### Work to complete
Please reproduce the lines of the records below from the one holding "231023 - Monday, October 23, 2023." through the one holding "Used 2018 Volkswagen GTI S FWD image 7", inclusive, skipping all pictures.

### Records supplied
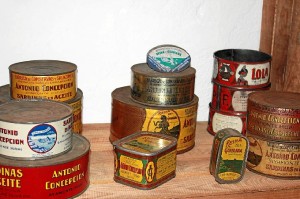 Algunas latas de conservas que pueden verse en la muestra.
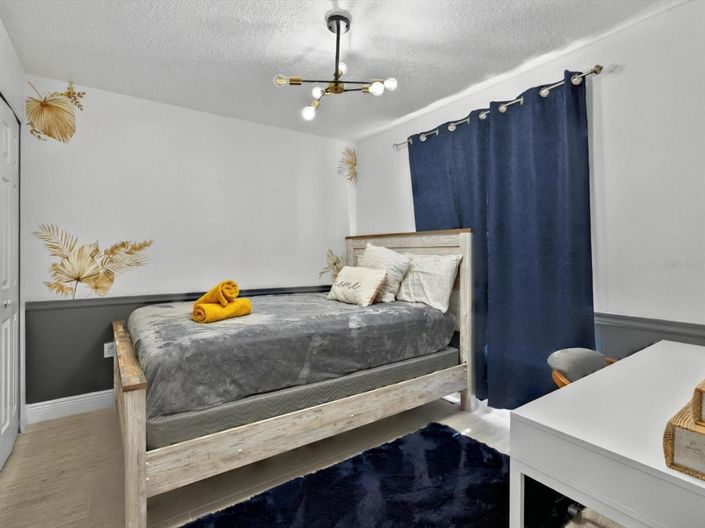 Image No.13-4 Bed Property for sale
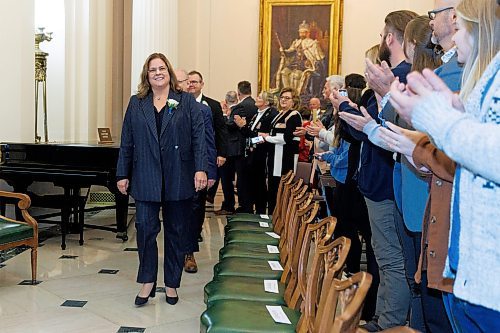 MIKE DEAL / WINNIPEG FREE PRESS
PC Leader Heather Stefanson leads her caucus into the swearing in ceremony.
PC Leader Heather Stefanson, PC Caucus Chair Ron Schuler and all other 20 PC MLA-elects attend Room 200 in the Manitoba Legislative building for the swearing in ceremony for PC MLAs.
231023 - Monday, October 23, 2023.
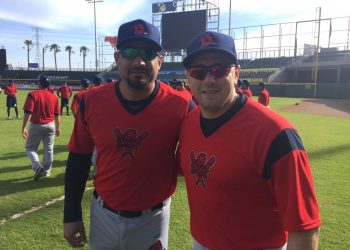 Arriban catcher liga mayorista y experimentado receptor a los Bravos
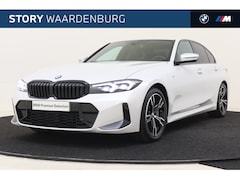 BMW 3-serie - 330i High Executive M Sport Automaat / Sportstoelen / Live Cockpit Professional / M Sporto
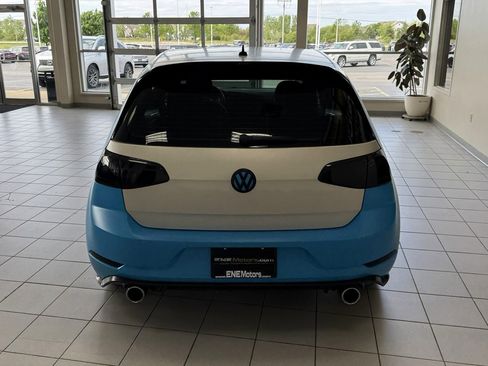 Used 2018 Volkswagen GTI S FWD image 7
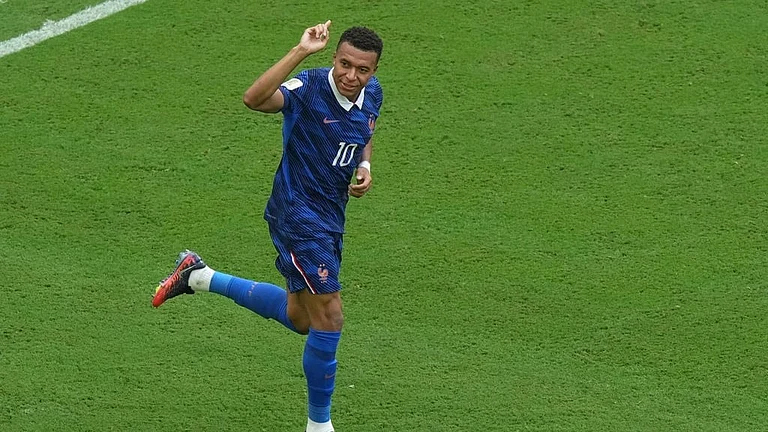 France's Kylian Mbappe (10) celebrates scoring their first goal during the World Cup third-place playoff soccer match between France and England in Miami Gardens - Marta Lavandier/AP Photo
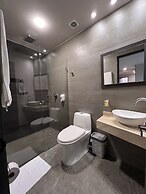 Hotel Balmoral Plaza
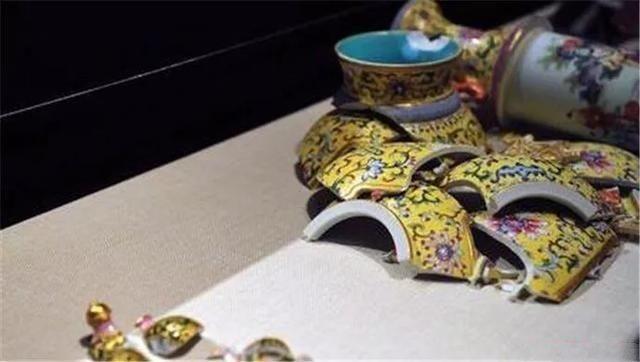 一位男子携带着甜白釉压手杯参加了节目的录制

...

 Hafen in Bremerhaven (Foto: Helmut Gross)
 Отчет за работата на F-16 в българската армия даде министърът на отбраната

* * *

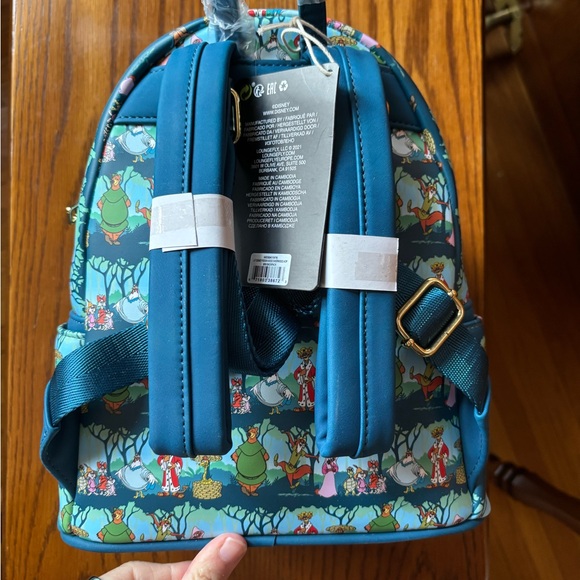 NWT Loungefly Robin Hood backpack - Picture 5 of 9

### Written response
231023 - Monday, October 23, 2023.
 Arriban catcher liga mayorista y experimentado receptor a los Bravos
 BMW 3-serie - 330i High Executive M Sport Automaat / Sportstoelen / Live Cockpit Professional / M Sporto
 Used 2018 Volkswagen GTI S FWD image 7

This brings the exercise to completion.